A sheen of tears filled Helena’s eyes, and she averted her gaze. When she looked back, the familiar strength radiated in the depths of her green eyes so that those fleeting mementos of sadness may as well have been imagined. “I prefer to think about bouquets of red cabbage, Robert.” He wished to press her for everything she withheld. Wished to know everything when he had no right. But somewhere, in the course of four days and a chance meeting at gaming hell a month earlier, this fiery woman who’d openly challenged him in Lord Sinclair’s parlor had slipped past his defenses.
And for the first time since Lucy’s betrayal, Robert wished his heart were intact . . . because Helena Banbury would have been a woman worthy of it.
Another quiet laugh spilled past her lips, rusty as though from ill use. “I suspect we’ve been here a sufficient amount of time? We’ve been seen?”
The pretend courtship. Her fleeting time here. And her eventual return to the Hell and Sin Club. He imagined her reentering that world, amongst lascivious lords and powerful proprietors of that hell . . . and something dark, and primitive, roared to life.
Robert gave thanks for the years of practice he had of false smiles, for he forced his lips upwards in a half grin. “Indeed, Miss Banbury. Shall we return?”
“I’ll . . . see you tomorrow then?” Was there truly a hopeful quality to that hesitant question, or did he simply wish there to be?
He tweaked her nose. “I am afraid tomorrow, I’ve a previous engagement.”
This time, there was no imagining the crestfallen expression that fell over her face and a lightness filled him.
“Of course,” she said quickly. “I was just wondering. Curious. Given the true nature of our . . . our arrangement; however, we do not need to see one another every day.”

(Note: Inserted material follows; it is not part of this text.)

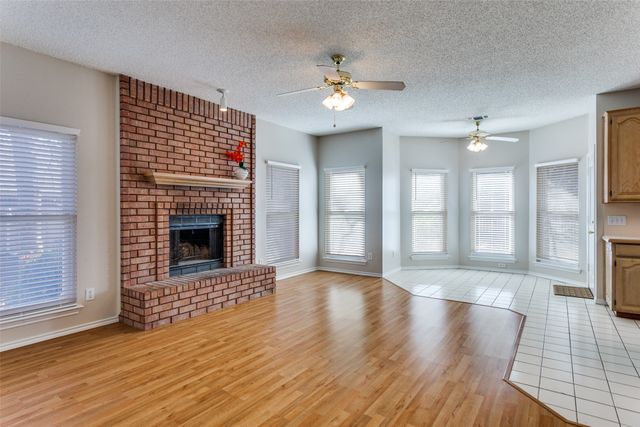 6800 Moss Lane, North Richland Hills, TX 76182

“What if I say I want to?” The hushed question left his lips before he could recall it.
And just like that, their world was restored. Helena rolled her eyes to the sky. “I’m not one of your conquests you need to waste your words on, Robert. It is not my intention to take you away from your . . . pleasures.”

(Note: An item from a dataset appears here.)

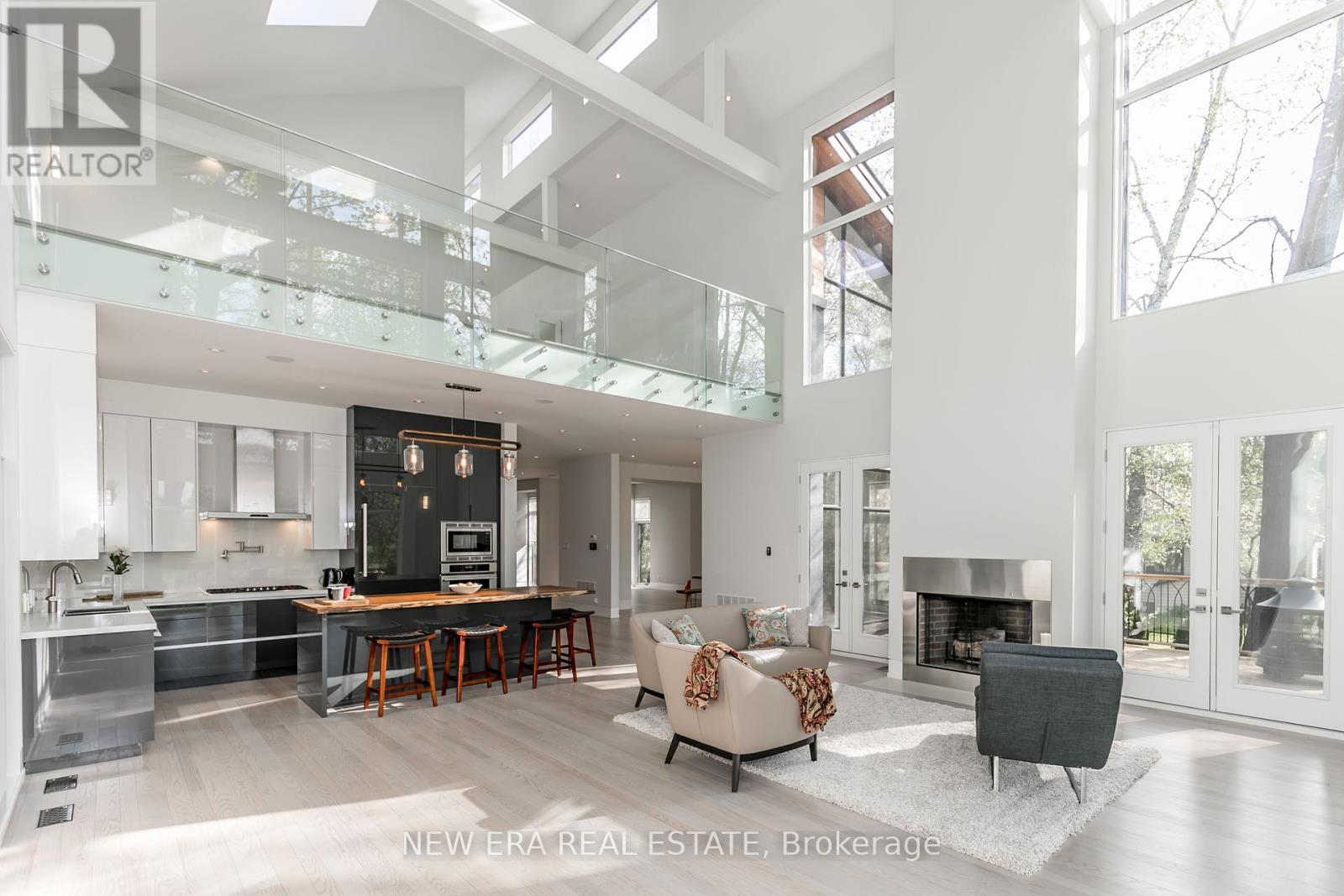 767 Cedarvale Dr, Innisfil, ON L9S 4L2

He flexed his jaw. Long ago he’d earned the status of rogue and it had been one he relished. Never more had he despised that reputation than with her flippant charge. For the time they’d spent together, short though it was, did she still only see him as a lord living for nothing but his own pleasures?
“My family is in deep,” he said in solemn tones.
Her gaze shot to his. Then, like a fish plucked from the sea, she opened and closed her mouth. “What?” Consternation weighted that word.
Robert expected there should be suitable reservations in confiding this secret. If it were discovered, it would open his sister and father up to nasty gossip, and where he didn’t give a jot about what they said of him, there was Bea to protect. But he’d no doubt in trusting Helena with this.
“My grandfather made some substantial investments,” he said finally, keeping his stare forward. “And our pockets are nearly to let for it.”
“What type of investments?”
Once again, she held him frozen in awe for how unique she was to all other ladies he’d ever known. With his revelation, any other woman would have been slack-jawed with shock or disdain, and yet Helena spoke with a rational precision better suited to a skilled man-of-affairs.
“Steam,” he said.
“You are certain it is so very . . .” Her eyes raced quickly over his face. “Dire.”
Christi Caldwell's Books
- The Hellion (Wicked Wallflowers #1)
- Beguiled by a Baron (The Heart of a Duke Book 14)
- To Wed His Christmas Lady (The Heart of a Duke #7)
- The Heart of a Scoundrel (The Heart of a Duke #6)
- Seduced By a Lady's Heart (Lords of Honor #1)
- Loved by a Duke (The Heart of a Duke #4)
- Captivated By a Lady's Charm (Lords of Honor #2)
- To Woo a Widow (The Heart of a Duke #10)
- To Trust a Rogue (The Heart of a Duke #8)
- The Lure of a Rake (The Heart of a Duke #9)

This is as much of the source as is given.